One of the best things about literature is its ability to transport you into a world removed from your own. But what’s probably even better is when you, as a reader, get to dwell in that world over the course of not one, but three, books. Here, we’re listing eight trilogies by African writers that we guarantee will lure you so completely into their world, you’ll forget you’re in the midst of a global pandemic.
1. Chinua Achebe’s African Trilogy
Things Fall Apart (1958), No Longer at Ease (1960), Arrow of God (1964)

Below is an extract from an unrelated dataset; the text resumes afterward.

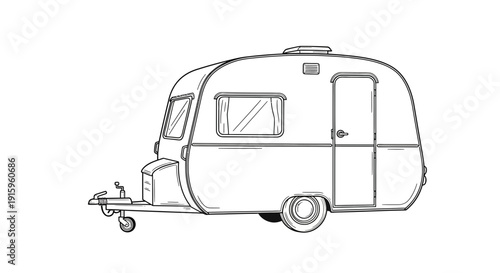 Vintage Camper Trailer Drawing, Retro Caravan, Travel, Camping, Outdoor Adventure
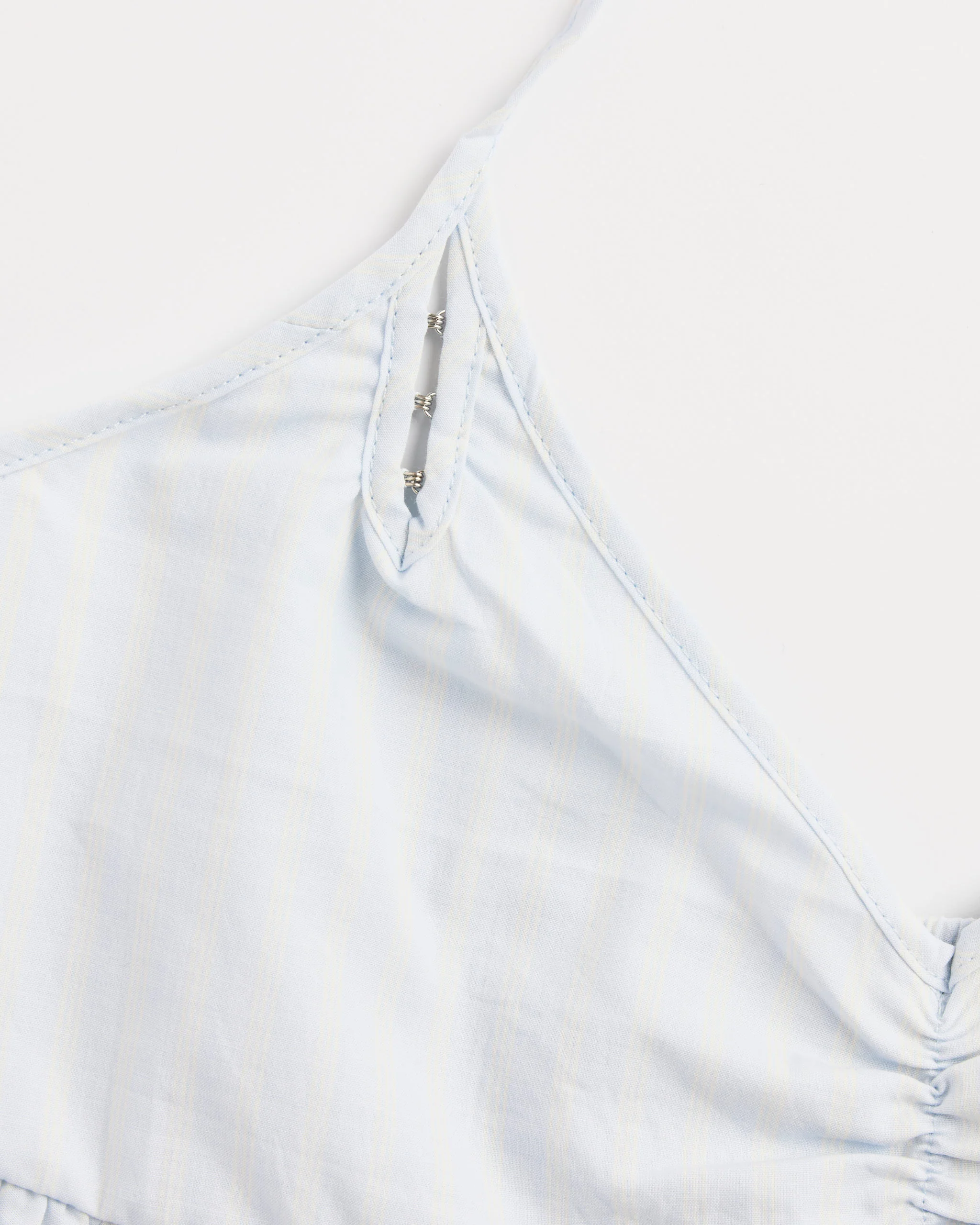 Keyhole Halter Top in Powder Blue Stripe - Image 3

So of course you’ve read Things Fall Apart (if you haven’t, #smdh). But have you read the other two novels that make up Achebe’s African Trilogy? If you haven’t, now’s the time to start. Although Arrow of God was published after No Longer at Ease, the novel in fact precedes it temporally in the structure of the trilogy; it continues where Things Fall Apart left off, with the plot revolving around Ezeulu, a priest who finds his authority increasingly under threat from his rivals, British colonial rule, and Christian missionaries. No Longer at Ease follows the story of Obi Okonkwo, the grandson of Okonkwo whom we met in Things Fall Apart, as he returns from university in England and clashes with the ruling elite in Nigeria. With each novel, Achebe masterfully captures various aspects and effects of colonial rule to offer a picture of a rapidly evolving society.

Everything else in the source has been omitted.